The projected length of the upgrade was also completely unnecessary, Longbottom continued, and suggests shortcomings in the way the Verizon Cloud is built.
The platform was launched in October 2013 and offers users access to public cloud-based compute and storage services, and draws on the communication provider’s myriad of datacentres dotted around the world and its networking capabilities to deliver them.
“It shows an insane lack of understanding from Verizon on how a cloud should operate,” Longbottom said.
“If a cloud is architected correctly then it can be taken down piecemeal for maintenance, still providing adequate access to the functional parts of [it].
“Verizon should have architected its cloud correctly: it should be able to take components out of the cloud and replace them on a bit-by-bit level without impacting the cloud itself,” he added.
However, James Staten, vice president and principal analyst covering infrastructure and operations professionals at fellow market watcher Forrester, told Cloud Pro the outcry prompted by the downtime was out of proportion.
“It only affects [its] newest Verizon Cloud service, so it does not affect any of its other cloud or managed hosting services. And, given how new this service is, there really aren’t all that many customers or workloads on [it] yet.
“We estimate that less than 10 per cent of [Verizon’s] cloud/hosting customers have deployed anything to the new Verizon Cloud yet,” he added.
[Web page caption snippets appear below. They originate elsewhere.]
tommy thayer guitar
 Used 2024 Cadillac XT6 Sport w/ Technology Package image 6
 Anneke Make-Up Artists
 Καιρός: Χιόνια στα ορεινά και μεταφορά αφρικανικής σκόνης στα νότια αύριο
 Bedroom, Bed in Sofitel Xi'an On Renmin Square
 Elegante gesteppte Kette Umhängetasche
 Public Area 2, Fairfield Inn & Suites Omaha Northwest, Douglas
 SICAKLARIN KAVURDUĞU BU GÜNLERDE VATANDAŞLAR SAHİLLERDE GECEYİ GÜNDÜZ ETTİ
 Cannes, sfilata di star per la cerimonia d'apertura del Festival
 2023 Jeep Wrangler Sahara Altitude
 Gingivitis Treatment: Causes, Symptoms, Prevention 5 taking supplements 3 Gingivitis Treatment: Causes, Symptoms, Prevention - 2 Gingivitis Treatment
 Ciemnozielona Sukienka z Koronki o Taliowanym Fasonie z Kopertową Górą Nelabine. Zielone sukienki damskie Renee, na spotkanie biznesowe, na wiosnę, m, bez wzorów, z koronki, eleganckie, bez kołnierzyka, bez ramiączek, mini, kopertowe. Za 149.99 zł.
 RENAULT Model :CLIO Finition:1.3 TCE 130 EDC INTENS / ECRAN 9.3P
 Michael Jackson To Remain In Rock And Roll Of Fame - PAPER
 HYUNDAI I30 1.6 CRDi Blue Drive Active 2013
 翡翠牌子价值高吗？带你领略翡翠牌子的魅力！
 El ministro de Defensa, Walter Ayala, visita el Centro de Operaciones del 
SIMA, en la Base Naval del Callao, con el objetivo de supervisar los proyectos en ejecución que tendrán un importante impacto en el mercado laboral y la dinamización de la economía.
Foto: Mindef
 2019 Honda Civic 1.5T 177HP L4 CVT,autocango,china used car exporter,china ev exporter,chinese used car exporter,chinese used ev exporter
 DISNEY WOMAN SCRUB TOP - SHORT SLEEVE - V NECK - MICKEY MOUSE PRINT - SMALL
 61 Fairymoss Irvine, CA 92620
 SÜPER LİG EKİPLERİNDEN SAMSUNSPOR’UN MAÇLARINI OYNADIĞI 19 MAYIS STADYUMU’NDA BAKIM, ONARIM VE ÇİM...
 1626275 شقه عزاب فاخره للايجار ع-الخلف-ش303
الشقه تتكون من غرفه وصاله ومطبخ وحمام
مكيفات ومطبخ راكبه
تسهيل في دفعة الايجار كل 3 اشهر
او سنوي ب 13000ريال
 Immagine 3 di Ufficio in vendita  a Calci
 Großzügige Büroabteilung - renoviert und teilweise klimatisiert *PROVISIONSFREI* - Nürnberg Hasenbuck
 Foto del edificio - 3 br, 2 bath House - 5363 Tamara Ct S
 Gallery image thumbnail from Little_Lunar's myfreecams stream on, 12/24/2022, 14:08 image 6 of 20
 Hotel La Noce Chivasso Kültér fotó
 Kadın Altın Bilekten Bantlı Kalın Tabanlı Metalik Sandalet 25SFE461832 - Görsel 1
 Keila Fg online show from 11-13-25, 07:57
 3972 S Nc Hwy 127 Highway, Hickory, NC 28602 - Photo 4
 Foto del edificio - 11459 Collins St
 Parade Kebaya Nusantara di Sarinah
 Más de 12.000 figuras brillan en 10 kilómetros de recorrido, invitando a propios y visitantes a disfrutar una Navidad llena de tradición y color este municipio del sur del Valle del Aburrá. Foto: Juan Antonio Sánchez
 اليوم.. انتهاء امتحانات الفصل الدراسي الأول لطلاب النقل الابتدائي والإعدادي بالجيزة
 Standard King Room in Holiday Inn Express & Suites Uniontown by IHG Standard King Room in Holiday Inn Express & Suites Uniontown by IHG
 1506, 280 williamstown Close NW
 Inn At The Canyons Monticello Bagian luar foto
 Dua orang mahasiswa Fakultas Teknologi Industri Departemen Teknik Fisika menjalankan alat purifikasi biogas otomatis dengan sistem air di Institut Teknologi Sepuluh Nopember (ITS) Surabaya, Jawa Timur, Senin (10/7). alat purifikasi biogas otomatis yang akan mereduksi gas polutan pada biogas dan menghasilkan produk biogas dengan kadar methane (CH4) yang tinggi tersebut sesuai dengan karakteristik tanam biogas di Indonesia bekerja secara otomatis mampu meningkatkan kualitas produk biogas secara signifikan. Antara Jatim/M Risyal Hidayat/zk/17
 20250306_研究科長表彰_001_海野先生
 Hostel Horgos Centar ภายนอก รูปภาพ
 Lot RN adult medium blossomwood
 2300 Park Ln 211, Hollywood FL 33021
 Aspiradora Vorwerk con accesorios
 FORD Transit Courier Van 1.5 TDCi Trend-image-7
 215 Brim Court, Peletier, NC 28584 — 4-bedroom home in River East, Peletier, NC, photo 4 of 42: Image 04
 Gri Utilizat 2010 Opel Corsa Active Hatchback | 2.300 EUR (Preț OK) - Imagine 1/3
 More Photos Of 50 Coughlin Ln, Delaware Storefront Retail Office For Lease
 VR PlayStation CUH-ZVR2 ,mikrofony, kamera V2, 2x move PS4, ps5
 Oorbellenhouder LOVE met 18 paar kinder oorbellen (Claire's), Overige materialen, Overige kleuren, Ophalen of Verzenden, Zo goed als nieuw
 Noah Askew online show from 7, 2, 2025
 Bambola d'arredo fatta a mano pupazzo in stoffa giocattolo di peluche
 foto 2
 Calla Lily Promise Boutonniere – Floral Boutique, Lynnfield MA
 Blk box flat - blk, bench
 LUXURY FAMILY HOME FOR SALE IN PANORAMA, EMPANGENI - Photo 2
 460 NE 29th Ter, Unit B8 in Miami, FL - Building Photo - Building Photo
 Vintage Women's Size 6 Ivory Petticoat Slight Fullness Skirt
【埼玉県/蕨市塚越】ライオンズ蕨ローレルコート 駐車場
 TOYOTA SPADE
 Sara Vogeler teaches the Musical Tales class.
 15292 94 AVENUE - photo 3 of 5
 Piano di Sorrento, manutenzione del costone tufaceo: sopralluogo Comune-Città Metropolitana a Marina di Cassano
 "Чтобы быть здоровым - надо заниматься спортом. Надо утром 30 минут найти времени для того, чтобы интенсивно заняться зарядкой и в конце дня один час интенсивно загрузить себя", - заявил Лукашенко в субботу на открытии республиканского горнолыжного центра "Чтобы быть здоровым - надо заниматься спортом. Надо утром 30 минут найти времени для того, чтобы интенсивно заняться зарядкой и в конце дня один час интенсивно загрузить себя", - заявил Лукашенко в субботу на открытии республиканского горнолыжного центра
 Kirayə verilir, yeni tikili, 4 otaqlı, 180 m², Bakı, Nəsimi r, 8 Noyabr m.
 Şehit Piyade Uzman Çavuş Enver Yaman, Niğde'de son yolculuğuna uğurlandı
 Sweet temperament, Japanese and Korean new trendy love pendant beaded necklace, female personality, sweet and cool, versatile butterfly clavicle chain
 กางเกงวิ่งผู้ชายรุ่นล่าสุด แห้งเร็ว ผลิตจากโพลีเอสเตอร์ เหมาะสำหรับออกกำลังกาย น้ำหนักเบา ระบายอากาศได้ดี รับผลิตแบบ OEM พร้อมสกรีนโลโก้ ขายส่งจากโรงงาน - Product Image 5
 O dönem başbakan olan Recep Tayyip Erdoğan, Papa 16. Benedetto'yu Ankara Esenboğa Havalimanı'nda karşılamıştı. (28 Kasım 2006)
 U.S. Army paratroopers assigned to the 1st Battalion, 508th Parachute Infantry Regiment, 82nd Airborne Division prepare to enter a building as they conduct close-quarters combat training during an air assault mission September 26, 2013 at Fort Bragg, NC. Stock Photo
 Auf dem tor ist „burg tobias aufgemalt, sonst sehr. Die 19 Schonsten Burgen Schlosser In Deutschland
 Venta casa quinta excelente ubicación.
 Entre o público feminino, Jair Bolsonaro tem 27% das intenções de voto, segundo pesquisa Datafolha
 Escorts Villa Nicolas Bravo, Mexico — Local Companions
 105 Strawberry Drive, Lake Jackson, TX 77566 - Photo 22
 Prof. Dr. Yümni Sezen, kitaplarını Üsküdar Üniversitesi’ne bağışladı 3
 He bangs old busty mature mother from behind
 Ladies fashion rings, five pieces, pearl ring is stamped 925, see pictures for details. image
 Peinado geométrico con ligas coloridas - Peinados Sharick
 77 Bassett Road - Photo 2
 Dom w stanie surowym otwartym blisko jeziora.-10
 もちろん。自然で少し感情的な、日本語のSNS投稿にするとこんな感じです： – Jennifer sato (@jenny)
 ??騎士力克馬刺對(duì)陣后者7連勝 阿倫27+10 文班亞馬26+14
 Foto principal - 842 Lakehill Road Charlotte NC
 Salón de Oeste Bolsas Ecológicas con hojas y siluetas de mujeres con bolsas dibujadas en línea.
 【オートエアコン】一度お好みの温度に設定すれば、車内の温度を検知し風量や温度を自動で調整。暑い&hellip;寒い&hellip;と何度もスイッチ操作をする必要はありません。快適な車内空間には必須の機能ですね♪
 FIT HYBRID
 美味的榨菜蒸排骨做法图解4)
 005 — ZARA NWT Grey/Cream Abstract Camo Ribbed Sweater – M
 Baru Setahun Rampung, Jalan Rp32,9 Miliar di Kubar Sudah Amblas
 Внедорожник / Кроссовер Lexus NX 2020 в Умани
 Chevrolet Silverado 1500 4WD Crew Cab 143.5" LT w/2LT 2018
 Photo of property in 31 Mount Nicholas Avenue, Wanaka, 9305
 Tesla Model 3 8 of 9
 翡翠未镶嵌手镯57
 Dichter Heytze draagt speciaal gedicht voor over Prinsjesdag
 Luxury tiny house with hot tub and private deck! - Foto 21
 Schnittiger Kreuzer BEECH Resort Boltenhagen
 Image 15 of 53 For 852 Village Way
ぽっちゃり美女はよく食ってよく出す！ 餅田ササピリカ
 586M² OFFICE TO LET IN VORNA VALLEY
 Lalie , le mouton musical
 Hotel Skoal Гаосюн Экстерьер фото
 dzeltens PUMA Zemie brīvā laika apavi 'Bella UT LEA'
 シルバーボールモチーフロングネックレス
Additionally, the downtime is only scheduled to affect one out of the three compute resources (which include Reserved, Elastic, and Research) currently available on Verizon Cloud.
“Only Reserved is affected by this outage. Granted it is the primary resource type but most customers have not committed to these resources yet,” said Staten.
“As you would expect, companies tend to test things out on Research before deploying to Reserved, just as you would by building the app in test and development, then moving it later to production.”
He also echoed Verizon's claim that last weekend's outage will be the last round of maintenance for Verizon Cloud that would take that long.
“There are some elements of the architecture that were not optimised at first release. One such issue is not having the ability to apply firmware changes non-disruptively,” said Staten.
“This outage will add this capability and, as such, the hope is that this will be the last long full-service outage customers experience.”
Long-term effect
In light of the fact one of the main selling points of cloud is its “always-on” status, Longbottom fears that – even if this is the last time Verizon embarks on such a long period of maintenance – end users could be put off using public cloud by episodes like this.
“This will give public cloud a bad name – and will need strong messaging from the competitors out there to be able to ensure that people understand that this isn’t how cloud needs to be,” he explained.
“It’s bad enough with unplanned outages in the likes of AWS and [Microsoft] Azure – but I just cannot understand how Verizon is messing this up to such a major extent.”